20 En het geschiedde des morgens, als men het spijsoffer offert, dat er, ziet, water door den weg van Edom kwam, en het land met water vervuld werd.
And it comes to pass in the morning, at the ascending of the [morning] present, that behold, waters are coming in from the way of Edom, and the land is filled with the waters,
21 Toen nu al de Moabieten hoorden, dat koningen opgetogen waren, om tegen hen te strijden, zo werden zij samen geroepen, van al degenen af, die den gordel aangordden en daarboven, en zij stonden aan de landpale.
and all of Moab has heard that the kings have come up to fight against them, and they are called together, from everyone girding on a girdle and upward, and they stand by the border.
22 En toen zij zich des morgens vroeg opmaakten, en de zon over dat water oprees, zagen de Moabieten dat water tegenover rood, gelijk bloed.
And they rise early in the morning, and the sun has shone on the waters, and the Moabites see, from opposite [them], [that] the waters [are] red as blood,
23 En zij zeiden: Dit is bloed; de koningen hebben voorzeker zich met het zwaard verdorven, en hebben de een den ander verslagen; nu dan aan den buit, gij Moabieten!
and say, “This [is] blood; the kings have been surely destroyed, and they each strike his neighbor; and now for spoil, Moab!”
24 Maar als zij aan het leger van Israel kwamen, maakten zich de Israelieten op, en sloegen de Moabieten; en zij vloden van hun aangezicht; ja, zij kwamen in het land, slaande ook de Moabieten.
And they come to the camp of Israel, and Israel rises, and strikes the Moabites, and they flee from their face; and they enter into Moab, so as to strike Moab,
25 De steden nu braken zij af, en een iegelijk wierp zijn steen op alle goede stukken lands, en zij vulden ze, en stopten alle waterfonteinen, en velden alle goede bomen, totdat zij in Kir-hareseth alleen de stenen daarvan lieten overblijven; en de slingeraars omsingelden en sloegen hen.

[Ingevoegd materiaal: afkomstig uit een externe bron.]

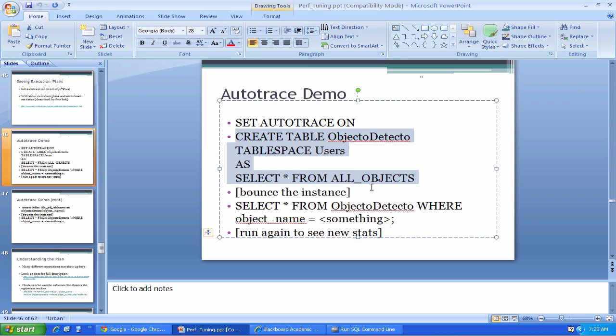Now what I'm going to do is shut down and restart the instance because I have a bunch of blocks from that all objects table floating around in memory. I want to make sure that they are not impacting anything that happens when I try to assess the performance of the system in a moment. So I'm going to stop and restart the database.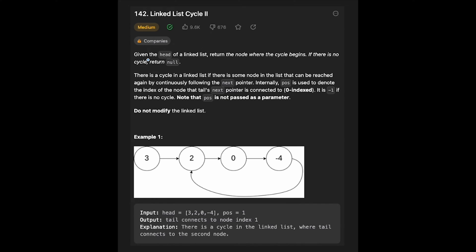So today you are given the head of a linked list, and you need to return the node where the cycle begins. If there is no cycle, return null. There is a cycle in a linked list if there is some node that can be reached again by continuously following the next pointer. Internally, POS is used to denote the index of the node that the tail's next pointer is connected to, zero-indexed. It is minus one if there is no cycle. Note that POS is not passed as a parameter, so do not modify the linked list.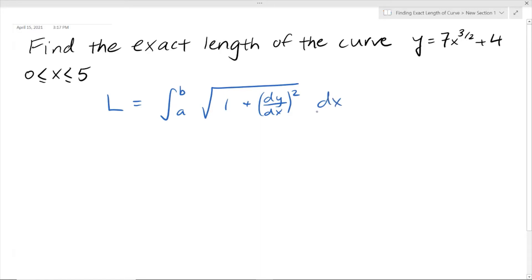Here A and B represent the endpoints, so A is going to be 0 and B is going to be 5. And dy/dx is going to be our derivative, so we need to find the derivative of this function and plug it in here.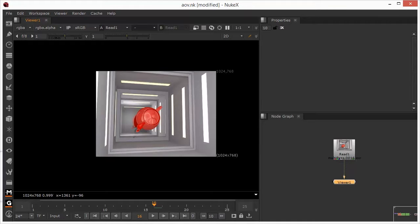So this is the third and final part of my tutorial set on arbitrary output variables. Hopefully I've saved the best till last. We're going to take a look at relighting.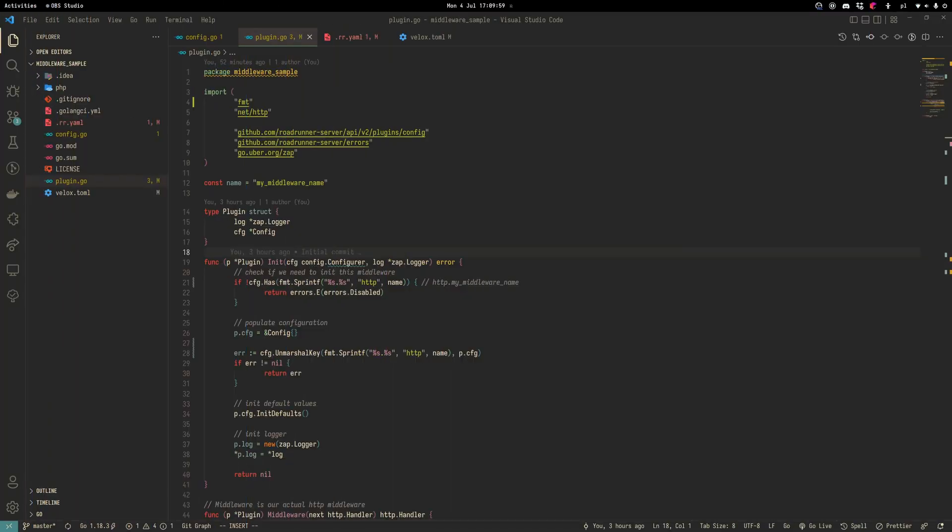Hello everybody, in this tutorial we will write a simple HTTP middleware with RoadRunner in Velox.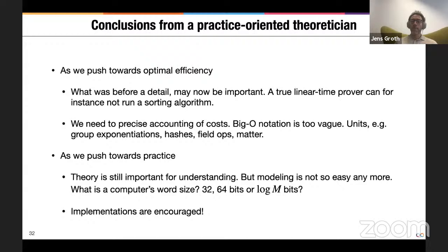And I guess the proof is in the pudding — we're seeing a lot more papers that also come with implementations. Those implementations show on a real-world computer what time it takes to prove something you actually care about in practice. Thank you for your attention.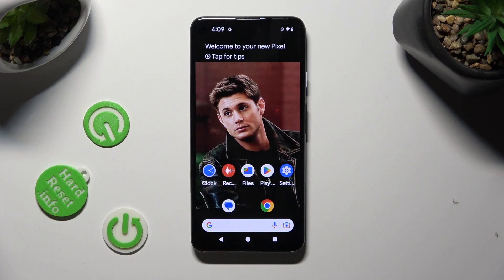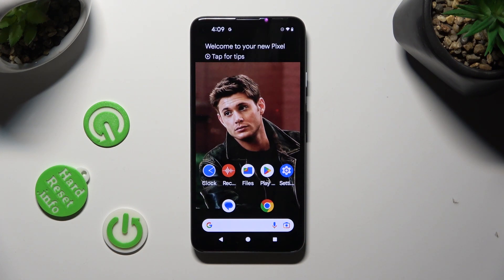Hi! In front of me is an Android 13, and today I would like to show you how you can check all specifications of this device.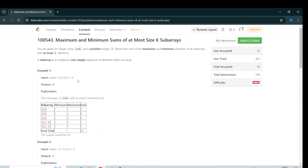Hello everyone. Today I am going to discuss the last problem of LeetCode Weekly Contest 433, which is 'Maximum and Minimum Sums of At Most K Size Subarrays.' The problem statement is quite straightforward from its name: we are given an integer array nums and a positive integer k, and we have to return the sum of the maximum and minimum elements of all subarrays with at most k elements.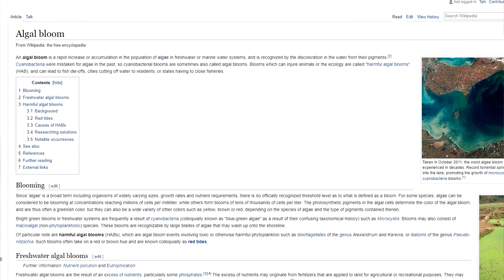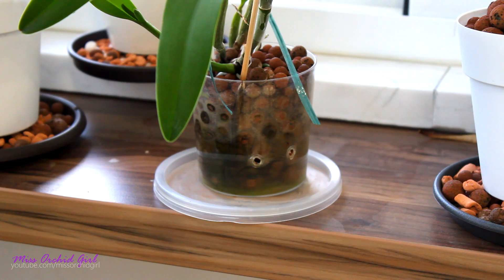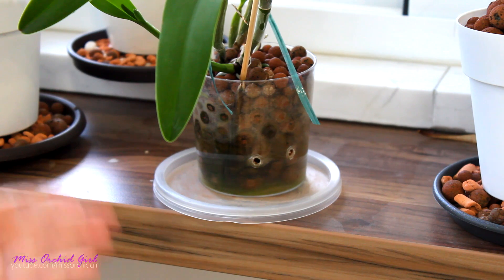Algae blooms refer to the phenomenon in which a body of water — a lake, the sea, whatever — gets overcrowded with algae, and one of the results is a lack of oxygen in the water and fish mortality. Why do oxygen levels go down? It has to do with the mortality of the algae. As they grow and shade each other, algae start to die off, and decomposition processes begin. These processes consume oxygen.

and they break down the cities, and they each cast his stone [on] every good portion, and have filled it, and they stop every fountain of water, and they cause every good tree to fall—until one had left its stones in Kir-Haraseth, and the slingers go around and strike it.
26 Doch als de koning der Moabieten zag, dat hem de strijd te sterk was, nam hij tot zich zevenhonderd mannen, die het zwaard uittogen, om door te breken tegen den koning van Edom; maar zij konden niet.
And the king of Moab sees that the battle has been too strong for him, and he takes with him seven hundred men drawing sword, to cleave through to the king of Edom, and they have not been able,
27 Toen nam hij zijn eerstgeboren zoon, die in zijn plaats koning zou worden, en offerde hem ten brandoffer op den muur. Daaruit werd een zeer grote toorn in Israel; daarom trokken zij van hem af, en keerden weder in hun land.
and he takes his son, the firstborn who reigns in his stead, and causes him to ascend [as] a burnt-offering on the wall, and there is great wrath against Israel, and they journey from off him, and return to the land.